1848-49

Marx et Engels journalistes au coeur de la révolution...

Une publication effectuée en collaboration avec la bibliothèque de sciences sociales de l'Université de Québec.


La Nouvelle Gazette Rhénane

K. Marx

La révolution de vienne et la Kölnische Zeitung

n° 133, 3 novembre 1848


Cologne, 3 novembre.

Nos lecteurs ne sont jamais laissés aller à de vains espoirs au sujet de Vienne. Après la révolution de juin, nous avons cru à toutes les infamies de la bourgeoisie. Dès le premier numéro de la Nouvelle Gazette rhénane paru après l'état de siège, nous avons dit :

« Cette révolution menace sinon d'échouer, tout au moins d'être paralysée du fait de la méfiance de la bourgeoisie à l'égard de la classe ouvrière. Quoi qu'il en soit, son contrecoup en Hongrie, en Italie et en Allemagne déjoue tout le plan de campagne de la contre-révolution. »

Une défaite de Vienne ne nous surprendrait donc pas; seulement nous nous trouverions déterminés à rompre tout arrangement avec la bourgeoisie qui mesure la liberté à la liberté du trafiquant, et à nous opposer, sans arrangement et sans conciliation possibles, à la misérable classe moyenne allemande qui renonce à son propre pouvoir à condition qu'elle puisse continuer à trafiquer sans avoir à lutter. La bourgeoisie anglaise et la bourgeoisie française sont ambitieuses; la défaite de Vienne confirmerait que la bourgeoisie allemande est sans honneur.
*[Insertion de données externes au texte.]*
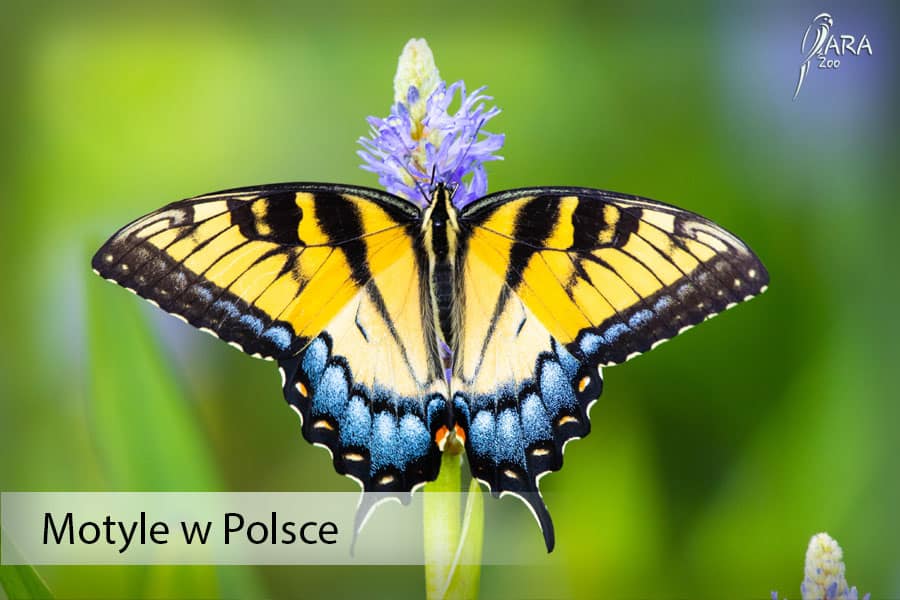 motyle w Polsce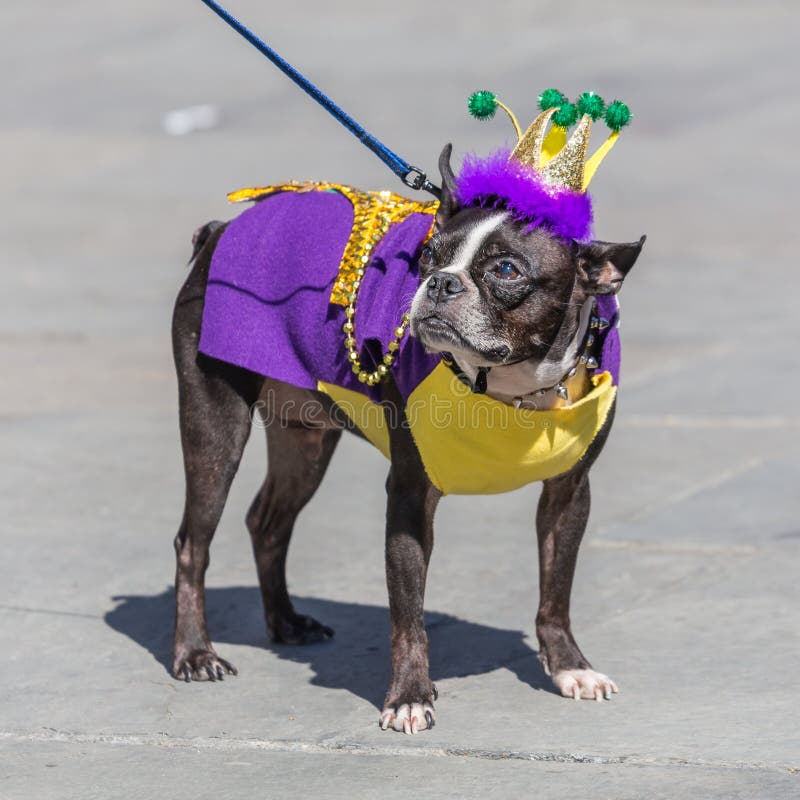 La Nouvelle-Orléans, LA/USA - vers en février 2016 : Le chien mignon s'est habillé dans le costume pour Mardi Gras à la Nouvelle- photographie stock La Nouvelle-Orléans, LA/USA - vers en février 2016 : Le chien mignon s'est habillé dans le costume pour Mardi Gras à la Nouvelle- photographie stock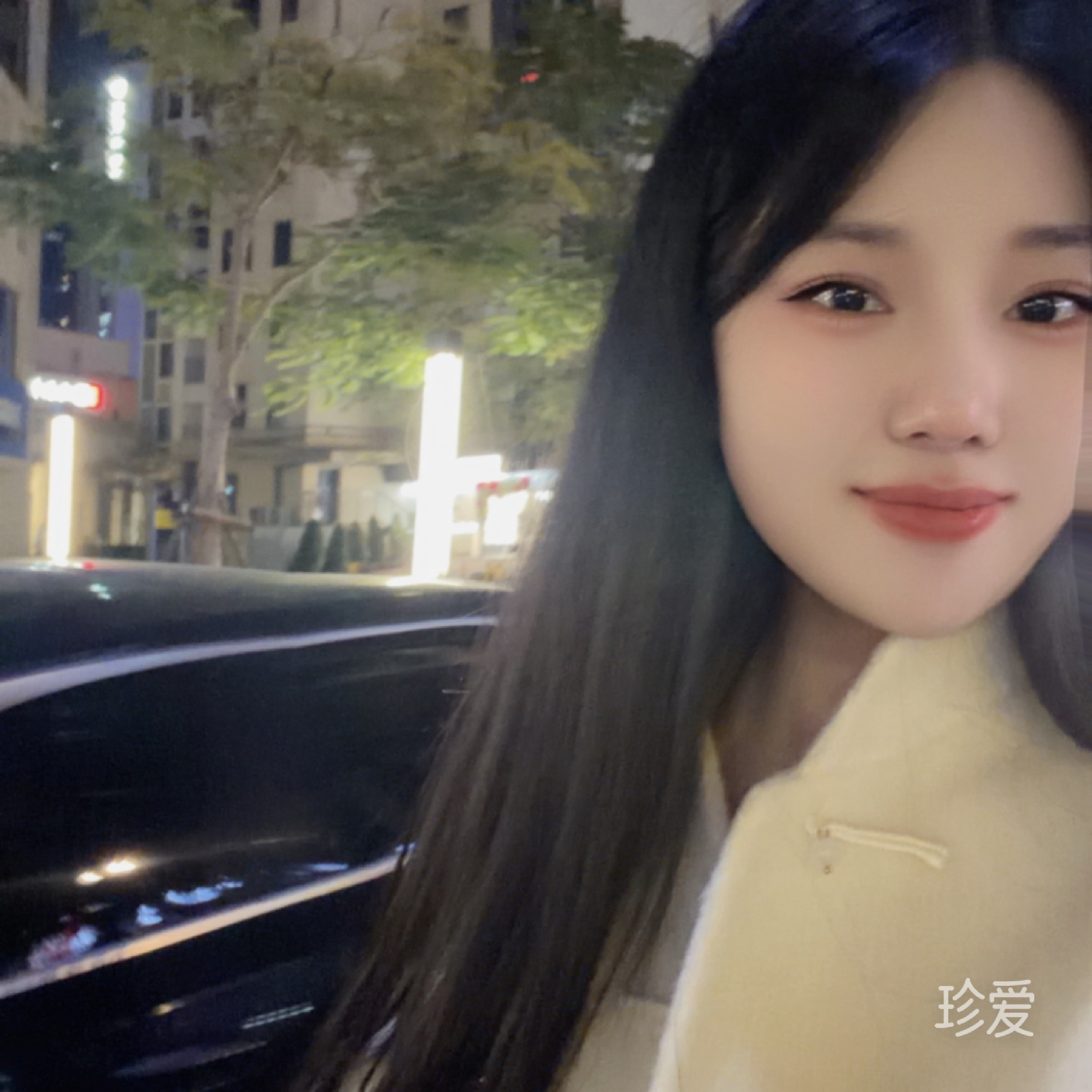 会飞的鱼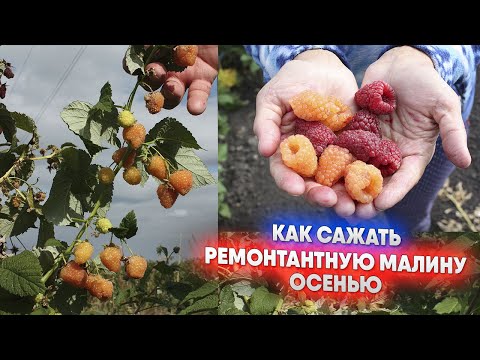 Видео: Как сажать РЕМОНТАНТНУЮ малину осенью
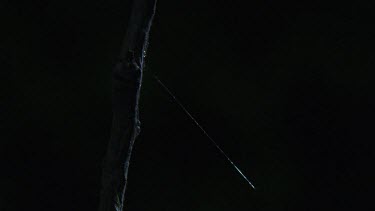 Portia Spider crawling on a branch in the dark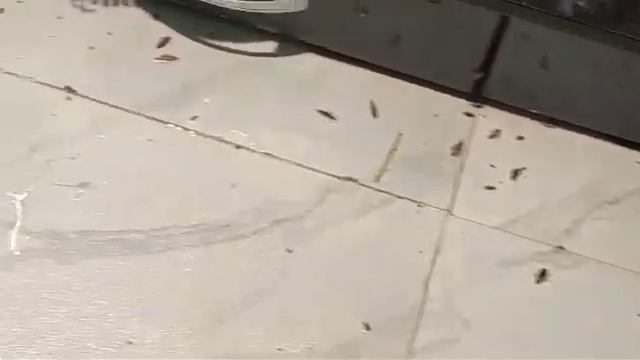 Cockroach Control In 100% Result Best Quality Products Uses||  #pestcontrol #pune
Donc : pas un instant nous n'avons garanti la victoire de Vienne. Sa défaite ne nous surprendrait pas. Elle ne ferait que nous convaincre qu'il n'y a pas de paix possible avec la bourgeoisie, même pour une période de transition, et que le peuple doit assister avec indifférence aux luttes de la bourgeoisie et du gouvernement et attendre leurs victoires ou leurs défaites pour les exploiter. Encore une fois : nos lecteurs n'ont qu'à feuilleter les numéros parus jusqu'à présent pour se convaincre que ni la victoire, ni la défaite des Viennois ne peuvent nous surprendre.
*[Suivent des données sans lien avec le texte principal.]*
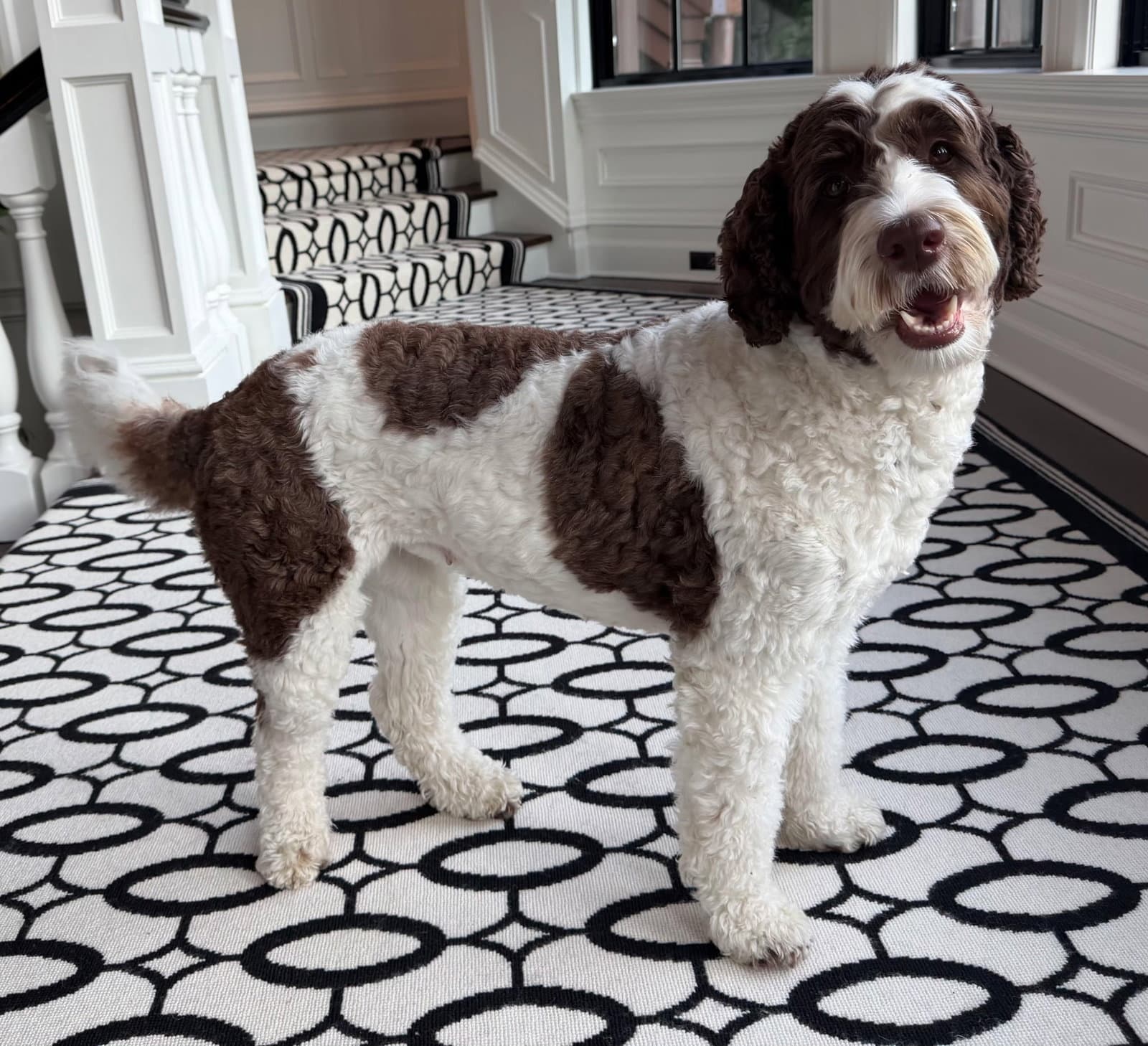 Lady Lollipop - Poodle (Standard)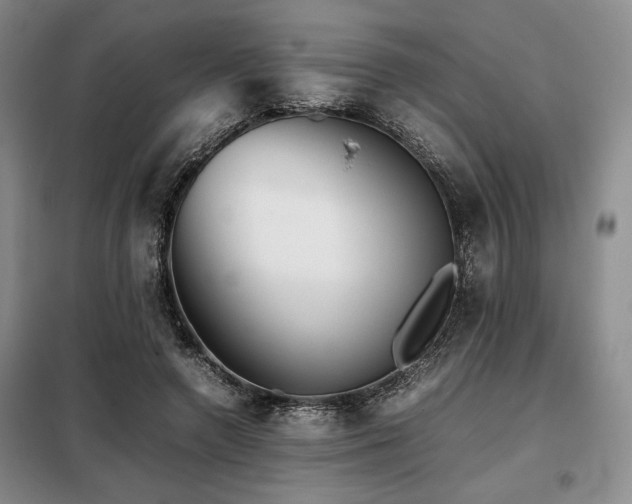 X0000099310546200805021316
Mais ce qui nous surprend, c'est la nouvelle édition spéciale de la Kölnische Zeitung. Le gouvernement propage-t-il volontairement de faux bruits sur Vienne pour calmer l'agitation à Berlin et dans les provinces ? Dumont paie-t-il en Prusse le télégraphe national pour recevoir, lui, Dumont, des nouvelles des quotidiens du matin de « Berlin » et de « Breslau » qui ne parviennent pas à la « mauvaise presse» ? Et d'où Dumont avait-il ce matin sa « dépêche télégraphique » que nous n'avions pas ? Est-ce que Birk, de Trèves, ce zéro qui a remplacé Wittgenstein, est engagé comme rédacteur chez Dumont ? Nous ne le croyons pas. Car même un Brüggemann, un Wolfers, un Schwanbeck - ce ne sont tout de même pas un Birk. Nous doutons que Dumont ait engagé une telle nullité.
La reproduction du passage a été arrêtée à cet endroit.